Houston Dynamo
- Owner: Philip Anschutz (AEG)
- President: Chris Canetti
- Head coach: Dominic Kinnear
- Stadium: Robertson Stadium
- Major League Soccer: Conference: 2nd Overall: 6th
- MLS Cup Playoffs: Runners-Up
- U.S. Open Cup: DNQ
- Texas Derby: Winners
- Top goalscorer: League: Bobby Boswell Will Bruin Geoff Cameron Brian Ching 5 goals each All: Brian Ching 6 goals
- Highest home attendance: 30,018 v Los Angeles Galaxy (October 23, 2011)
- Lowest home attendance: 12,047 (two matches)
- Average home league attendance: 16,868
| Home colors | Away colors |
- ← 20102012 →

= 2011 Houston Dynamo season =

The 2011 Houston Dynamo season was the sixth season of the team's existence, breaking the record for the most seasons played for a Houston soccer team. The Dynamo had been tied with Houston Hurricanes, who competed in the USISL D3 Pro League from 1996 to 2000. It was the Dynamo's sixth season with head coach Dominic Kinnear and majority owner Philip Anschultz. It was Chris Canettis first season as team president, having worked as chief operating officer for the previous five.

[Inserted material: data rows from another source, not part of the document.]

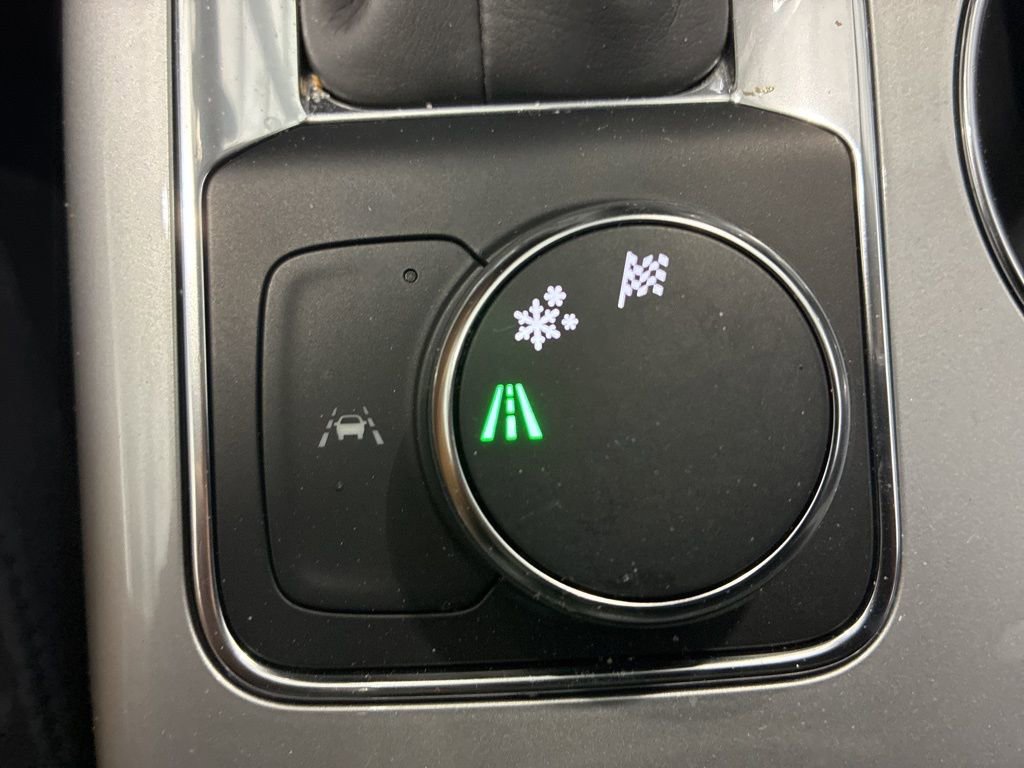Used 2024 Chevrolet Blazer LT w/ Convenience Package FWD image 27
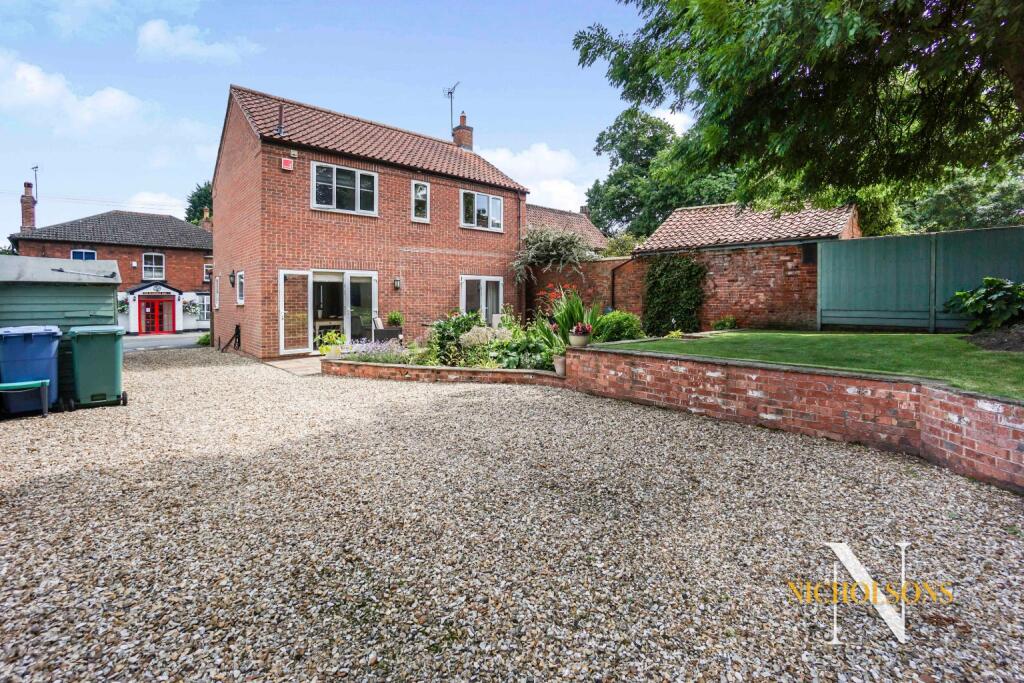 3 bedroom detached house for sale in Town Street, Lound, Retford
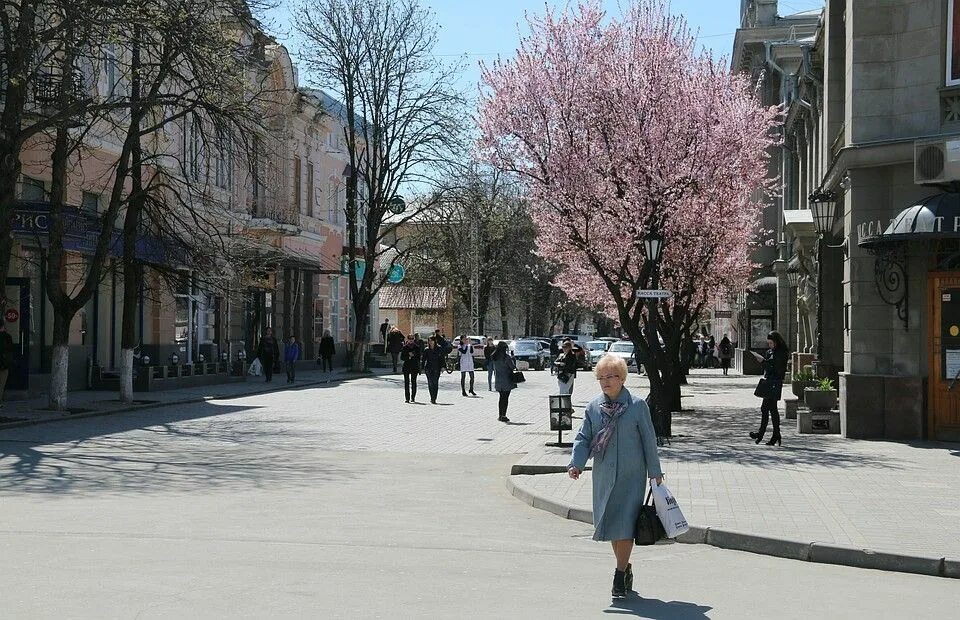 Симферополь в апреле. Крым в апреле. Крым в конце апреля.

Prior to the season, Houston was switched to MLS's Eastern Conference along with Sporting Kansas City due to expansion teams Portland Timbers and Vancouver Whitecaps FC joining the Western Conference. It was the Dynamo's final season playing at Robertson Stadium, with the new BBVA Compass Stadium set to open the following year.

After failing to qualify for the playoffs in 2010, Houston rebounded and finished 2nd in the conference. During the 2011 MLS Cup Playoffs, Houston beat the Philadelphia Union 3–1 over two legs. In the Eastern Conference Final, Houston defeated Kansas City 2–0 to reach their third ever MLS Cup, where they fell 1–0 to the Los Angeles Galaxy in the final. The Dynamo failed to qualify for the U.S. Open Cup, losing to Sporting Kansas City in the Qualification Semi-finals.

==Final roster==
As of November 21, 2011.

Appearances and goals are totals for MLS regular season only.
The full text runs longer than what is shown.